Government in Washington grew to be large, expensive and intrusive, but the defenders of its growth rarely felt that it produced “real” liberalism. Much of its cost reflected the large sums raised to finance Social Security and national defense, and most of its intrusiveness took the form of judicial and administrative regulation of the private sector. Neither the cost nor the regulation, in the eyes of many liberals, furthered the central cause of liberalism, namely, greater economic equality. To be sure, the regulatory state did redistribute power in ways that often helped economically weak minorities or unorganized majorities assert claims against corporations and other institutions, but these claims—for individual opportunity, group privilege, consumer protection, environmental defense, commercial compensation or legal advantage—were defended more in terms of rights rather than in terms of equality.

As we approach the end of a century-long experimentation with the use of governmental power to produce social change, we are discovering that American liberalism has become a stool standing on three legs: the protection of rights, the maintenance of a safety net and the stimulation of economic growth through government spending. Since these three strategies need not (and usually do not) lead to greater economic equality, many liberals are dissatisfied with what has been done in their name. We can harass one another with lawsuits and regulations without becoming any more equal; we can take comfort in the existence of a safety net and still find vast disparities in income and wealth among the great majority who live above that floor; we can welcome government stimulation of consumer demand but worry that this stimulation has perverse distributional effects.

And because each of these strategies can (and often does) produce burdens and inefficiencies, each is highly vulnerable to conservative attack. The protection of rights through law suits and regulatory proceedings imposes immense costs on ordinary transactions and elevates rights over responsibilities and individuals over communities. The existence of a safety net produces personal dependency and erodes savings, initiative and accountability; any means-tested program provides a strong incentive for people living near the cutoff point either to substitute welfare for work or to detest those who do.

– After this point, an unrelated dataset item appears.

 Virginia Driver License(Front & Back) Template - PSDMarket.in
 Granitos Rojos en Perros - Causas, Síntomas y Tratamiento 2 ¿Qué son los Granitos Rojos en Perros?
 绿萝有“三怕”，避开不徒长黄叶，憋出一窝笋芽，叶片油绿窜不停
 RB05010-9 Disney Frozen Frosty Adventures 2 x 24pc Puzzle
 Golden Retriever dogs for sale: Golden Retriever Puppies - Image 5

Government management of aggregate demand is slow, clumsy and often ineffective; moreover the political bias in favor of tax cuts and against spending cuts means that the political economy of liberalism will be biased in favor of inflation.

At the end of liberalism’s century, then, many liberals are not happy with what they have produced and many conservatives are eager to dismantle it. How did this happen? What historical, political and cultural factors shaped the distinctive features of American liberalism? Alan Brinkley offers an answer.

One would think that a catastrophe as vast as the Great Depression would have given the administration of Franklin D. Roosevelt ample opportunity to create a liberal state far more powerful than what in fact emerged. In beginning his explanation of why that did not happen, Brinkley draws on The New Deal and the Problem of Monopoly, the splendid book by Ellis Hawley that sets forth the debates among early New Dealers over what direction to take. Hawley described three alternative proposals for rescuing the nation from the apparent failures of big business: vigorously enforcing the anti-trust laws; suspending those laws and encouraging instead business-government cooperation; and creating devices for centralized economic planning. The trust-busters found their champion in Thurman Arnold and their support in the legacy of Louis Brandeis; the associationalists had their brief and ill-starred moment of fame with the National Recovery Administration and its Blue Eagle symbol; the planners were led by Rexford Guy Tugwell, Adolph Berle and Gardiner Means and had important allies in Henry Wallace’s Department of Agriculture.

Roosevelt, naturally, almost never gave a clear signal to any of these factions. The early New Deal emphasized direct relief and hasty improvisation, all quickly endorsed by Congress. The NRA failed to be replaced by the view—defended, though without either skill or success by Treasury Secretary Henry Morgenthau—that restoring business confidence was essential to any lasting recovery. If associations and codes supported by business, labor and government could not do this formally, then the president ought to do it by rhetoric (replace anti-business with pro-business speeches) and deregulation. Antitrust prosecutions were led (implausibly) by Arnold, despite his having published The Folklore of Capitalism, a book critical of antitrust law. Though he reinvigorated what had often been a moribund part of the Justice Department, by the end of the 1930s it seemed clear that breaking up monopolies was not enhancing economic growth; indeed, to the associationalists, it was just another blow to business confidence.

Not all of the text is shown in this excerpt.